Gradient Descent = Blindfolded Hiking

Imagine you're blindfolded on a mountain, trying to reach the valley. Each step: feel the steepest direction (gradient), take a step that way (update parameters). That's gradient descent.

Three Optimizers

Optimizer Intuition Characteristic Best for
SGD \(\text{param} = \text{param} - \text{lr} \cdot \text{grad}\) Pure gradient descent Simple problems, small data
SGD+Momentum Adds "inertia": retains previous direction, gradient corrects it Reduces oscillation Default for most tasks
Adam Per-parameter adaptive LR + momentum Each param has its own step Complex networks, hard to tune

Hyperparameter tuning

  • lr: too large → diverges; too small → extremely slow. Typical: 0.01 ~ 0.0001
  • momentum: 0.9 is classic.
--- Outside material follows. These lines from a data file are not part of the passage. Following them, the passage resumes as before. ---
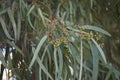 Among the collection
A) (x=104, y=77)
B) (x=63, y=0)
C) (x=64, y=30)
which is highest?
(x=63, y=0)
Higher = more inertia
  • weight_decay: L2 regularization, prevents overfitting

Learning rate is THE most important hyperparameter

Debug sequence: try lr=0.01. If loss doesn't decrease (or oscillates), try 0.001. If too slow, try 0.1.


ParamGroup

struct ParamGroup
{
    Tensor *param;  // weight / bias tensor
    Tensor *grad;   // matching gradient tensor
};

Each trainable layer (Dense, Conv1D, Conv2D, LayerNorm, Attention) overrides Layer::collect_params() and pushes its (weight, dweight), (bias, dbias) pairs onto a std::vector<ParamGroup>. Sequential::collect_params() collects from the whole network.

Optimizer Abstract Base

class Optimizer
{
public:
    virtual void init(const std::vector<ParamGroup> &groups) = 0;
    virtual void step(std::vector<ParamGroup> &groups)       = 0;
    virtual void zero_grad(std::vector<ParamGroup> &groups);
};

Required call order:

  1. Construct: SGD opt(lr, mom) or Adam opt(lr, β1, β2, ε).
  2. Collect params: model.collect_params(params).
  3. Init: opt.init(params) — only here are momentum / Adam moment buffers allocated to match each parameter's shape.
  4. Training loop: per batch run opt.zero_grad(params) → forward → backward → opt.step(params).

SGD with momentum & L2

SGD(float lr = 0.01f, float momentum = 0.0f, float weight_decay = 0.0f);

Update:

\[ g \leftarrow \nabla_\theta + \lambda\,\theta\quad(\text{if}~\lambda > 0) \]
\[ v \leftarrow \mu\,v + g\quad(\text{if}~\mu > 0) \]
\[ \theta \leftarrow \theta - \eta \cdot v \]

Params:

  • lr: learning rate \(\eta\).
  • momentum: \(\mu\); 0 falls back to vanilla SGD.
  • weight_decay: L2 coefficient \(\lambda\).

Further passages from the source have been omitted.